[[ Entries shown, beginning ]]

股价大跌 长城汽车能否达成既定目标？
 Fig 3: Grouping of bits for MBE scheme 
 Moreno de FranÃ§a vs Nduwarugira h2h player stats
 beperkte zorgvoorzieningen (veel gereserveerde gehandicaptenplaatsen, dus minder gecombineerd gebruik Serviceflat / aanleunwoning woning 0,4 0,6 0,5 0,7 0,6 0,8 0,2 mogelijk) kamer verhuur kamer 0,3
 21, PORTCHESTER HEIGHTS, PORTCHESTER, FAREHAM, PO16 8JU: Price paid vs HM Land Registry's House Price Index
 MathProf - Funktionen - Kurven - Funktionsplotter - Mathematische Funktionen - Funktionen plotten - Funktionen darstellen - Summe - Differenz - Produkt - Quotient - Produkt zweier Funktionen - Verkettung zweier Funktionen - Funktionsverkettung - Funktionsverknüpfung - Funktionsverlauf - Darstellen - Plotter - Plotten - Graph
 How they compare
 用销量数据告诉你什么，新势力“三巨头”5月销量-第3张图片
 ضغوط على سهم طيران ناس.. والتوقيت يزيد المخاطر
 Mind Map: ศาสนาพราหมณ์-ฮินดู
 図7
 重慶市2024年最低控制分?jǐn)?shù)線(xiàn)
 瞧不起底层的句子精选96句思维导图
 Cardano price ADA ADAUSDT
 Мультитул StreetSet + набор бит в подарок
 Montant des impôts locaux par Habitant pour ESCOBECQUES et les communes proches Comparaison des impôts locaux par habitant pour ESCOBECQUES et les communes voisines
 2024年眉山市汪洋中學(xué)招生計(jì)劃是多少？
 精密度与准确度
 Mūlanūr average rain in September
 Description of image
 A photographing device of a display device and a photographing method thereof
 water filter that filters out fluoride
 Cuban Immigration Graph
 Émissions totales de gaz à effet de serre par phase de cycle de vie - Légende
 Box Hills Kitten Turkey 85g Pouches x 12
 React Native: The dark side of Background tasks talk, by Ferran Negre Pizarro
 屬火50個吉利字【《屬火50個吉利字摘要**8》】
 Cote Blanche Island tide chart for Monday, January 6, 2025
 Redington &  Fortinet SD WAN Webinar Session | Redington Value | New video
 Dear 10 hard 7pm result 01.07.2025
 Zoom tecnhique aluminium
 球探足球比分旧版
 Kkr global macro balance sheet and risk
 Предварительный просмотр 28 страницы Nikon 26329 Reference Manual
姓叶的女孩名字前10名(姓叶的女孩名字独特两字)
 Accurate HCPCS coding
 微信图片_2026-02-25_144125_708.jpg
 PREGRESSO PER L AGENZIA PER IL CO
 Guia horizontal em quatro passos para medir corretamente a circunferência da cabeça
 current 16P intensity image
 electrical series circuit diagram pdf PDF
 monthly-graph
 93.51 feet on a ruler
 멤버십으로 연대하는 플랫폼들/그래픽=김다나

[[ Entries shown, end ]]

From the records above, give again exactly the lines running from the line with "Мультитул StreetSet + набор бит в подарок" to the line with "Предварительный просмотр 28", inclusive.

 Мультитул StreetSet + набор бит в подарок
 Montant des impôts locaux par Habitant pour ESCOBECQUES et les communes proches Comparaison des impôts locaux par habitant pour ESCOBECQUES et les communes voisines
 2024年眉山市汪洋中學(xué)招生計(jì)劃是多少？
 精密度与准确度
 Mūlanūr average rain in September
 Description of image
 A photographing device of a display device and a photographing method thereof
 water filter that filters out fluoride
 Cuban Immigration Graph
 Émissions totales de gaz à effet de serre par phase de cycle de vie - Légende
 Box Hills Kitten Turkey 85g Pouches x 12
 React Native: The dark side of Background tasks talk, by Ferran Negre Pizarro
 屬火50個吉利字【《屬火50個吉利字摘要**8》】
 Cote Blanche Island tide chart for Monday, January 6, 2025
 Redington &  Fortinet SD WAN Webinar Session | Redington Value | New video
 Dear 10 hard 7pm result 01.07.2025
 Zoom tecnhique aluminium
 球探足球比分旧版
 Kkr global macro balance sheet and risk
 Предварительный просмотр 28 страницы Nikon 26329 Reference Manual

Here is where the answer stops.